● **Exercise prompt**
From the entries, filter out every line that lacks "with" and copy the rest.
=====
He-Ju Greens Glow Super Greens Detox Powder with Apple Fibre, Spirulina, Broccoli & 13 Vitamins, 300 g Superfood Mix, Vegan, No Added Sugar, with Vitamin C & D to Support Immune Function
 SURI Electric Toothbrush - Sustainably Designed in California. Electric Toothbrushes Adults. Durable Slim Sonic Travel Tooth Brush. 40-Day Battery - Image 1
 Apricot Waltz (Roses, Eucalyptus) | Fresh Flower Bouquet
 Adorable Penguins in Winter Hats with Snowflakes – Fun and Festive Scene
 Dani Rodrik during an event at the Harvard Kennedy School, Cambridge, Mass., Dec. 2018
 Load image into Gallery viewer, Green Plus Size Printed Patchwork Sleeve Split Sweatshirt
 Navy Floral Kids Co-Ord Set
=====
● **Result of this task**
He-Ju Greens Glow Super Greens Detox Powder with Apple Fibre, Spirulina, Broccoli & 13 Vitamins, 300 g Superfood Mix, Vegan, No Added Sugar, with Vitamin C & D to Support Immune Function
 Adorable Penguins in Winter Hats with Snowflakes – Fun and Festive Scene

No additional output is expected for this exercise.